There was someone missing, though, as the alert clarified: the Duchess of Cambridge, pregnant with baby number three and laid up (for the third time) with severe morning sickness, wasn’t able to make George’s first school run. From the way it was reported, you’d almost think the most notably part wasn’t the aura of regality hanging over the everyday milestone, but the fact that daddy went solo. A sample of the headlines include: 'Pregnant Kate misses Prince George's first day of school', 'Prince George starts school but without mum Kate present' and 'Prince George arrives for first day at school - but Duchess of Cambridge too unwell to take him'.
Maybe it was. A walk past any school gate at pick-up or drop-off will confirm that, in the vast majority of cases, it’s mothers’ work – the Office for National Statistics found that women do 26 hours of chores each week to men’s 16, and the school run (once you’re over the landmark thrill of day one) is definitely a chore.
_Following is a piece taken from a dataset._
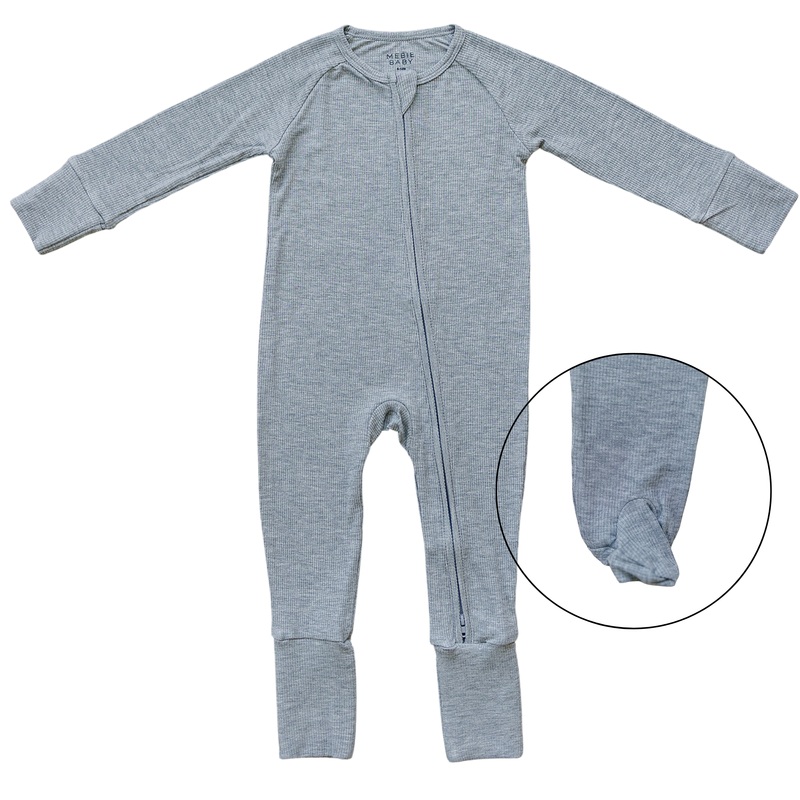 Heather Grey Ribbed Bamboo Zipper-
No one really finds soul-nourishing satisfaction in the daily recitation of “what did you do with your shoes,” “why is there Weetabix on your shirt,” “where is the reading record,” and “please walk faster or you’ll miss registration. Again.” So men opt out, women unthinkingly pick up the slack, and men who do buck the trend get treated like rare and splendid animals in the zoological garden of the schoolyard.
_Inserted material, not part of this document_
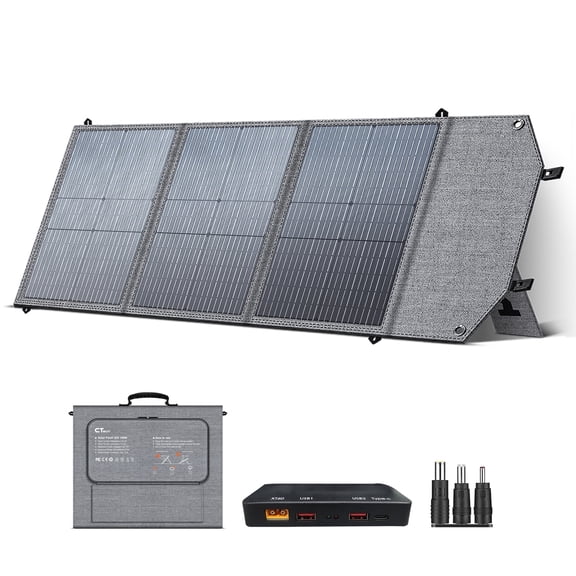 CTOLITY 100W PET Foldable Solar Panel, High Efficiency Monocrystalline Portable Solar Panel, IP65 Waterproof Solar Charger Panel for RV Camping Power Station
Think of all the times you’ve heard a man praised for doing some trivial necessity of parenting. The times when one mum will solemnly interrupt a bitching session about manly deficiencies to announce that her husband is great because he makes the packed lunches and even sometimes babysits. As if a man putting food in his own children’s backpacks, or deigning to be present for them for one evening, was performing some exceptional act of love, rather than doing the kind of thing women are presumed to perform as naturally as breathing.
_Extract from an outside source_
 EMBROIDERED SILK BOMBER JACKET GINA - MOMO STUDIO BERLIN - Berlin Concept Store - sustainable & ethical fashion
The giddy celebration of male adequacy is bad enough, but its flipside is the finger-pointing whisper that he shouldn’t be doing it at all. Remember when we found out that Nick Clegg did the school run and columnists went to town on how it was a terrible infringement on a deputy PM’s time to be moderately involved in his own children’s lives? It’s the old two-step of social control: if someone’s acting out of type, making sure they’re pegged as an outlier is the best way to get everyone else in line, and if that’s not enough, go on the attack.
And what are royals for, if not to point our fingers at? You can talk around the houses explaining why we have a monarchy, but no one really cares about resolving the head of state/head of government dilemma, and no one really cares about tradition unless it’s a tradition they’ve decided they like. The Windsors are type specimens maintained in a giant, gold enclosure. They exist so we can see them practice being human.
The public wants Kate and William to be “normal”, but not normal-normal: we want a pristine reflection of nuclear mores, and we haven’t decided yet whether or not that involves “hands-on” fathering (i.e., a father who does any parenting at all). Hence, your phone going off to tell you that a man did the school run while his wife was ill. Because William and Kate can’t just be people. They have to be the ideal man and woman, having the ideal family, and we’re still fumbling towards what that looks like in a world with some feminism and a lot of backlash.